El tratamiento del Síndrome de West tiene como objetivo principal detener los espasmos infantiles y normalizar el electroencefalograma (EEG) lo antes posible para proteger el desarrollo neurológico. Las terapias de primera línea incluyen el uso de hormona adrenocorticotropa (ACTH), corticoides orales o vigabatrina, cuya elección depende de la etiología subyacente y el historial clínico del paciente.
El manejo del Síndrome de West requiere una intervención rápida, ya que el control temprano de las crisis es crucial para el pronóstico a largo plazo. Los protocolos clínicos actuales se centran en:
El Síndrome de West es una encefalopatía epiléptica grave. La rapidez en iniciar el tratamiento adecuado puede marcar una diferencia significativa en la preservación de las funciones cognitivas.
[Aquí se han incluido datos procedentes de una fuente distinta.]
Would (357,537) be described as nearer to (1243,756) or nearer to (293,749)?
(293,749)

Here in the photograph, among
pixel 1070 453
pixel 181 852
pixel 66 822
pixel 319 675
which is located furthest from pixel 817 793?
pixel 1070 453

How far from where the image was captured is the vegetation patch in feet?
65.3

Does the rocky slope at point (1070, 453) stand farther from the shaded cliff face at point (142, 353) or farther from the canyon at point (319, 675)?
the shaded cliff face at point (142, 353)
Un retraso en el diagnóstico del Síndrome de West se asocia con un mayor riesgo de discapacidad intelectual y trastornos del neurodesarrollo persistentes.
Vivir con el Síndrome de West impacta profundamente a toda la familia. En DiseaseMaps.org, contamos con 7 miembros que comparten sus experiencias, lo cual ayuda a reducir el aislamiento. El acompañamiento psicológico para los cuidadores es vital para manejar el estrés crónico y la incertidumbre que conlleva el manejo del Síndrome de West.
Este contenido es informativo y no sustituye el consejo médico profesional; siempre consulte con su equipo de especialistas para decisiones terapéuticas.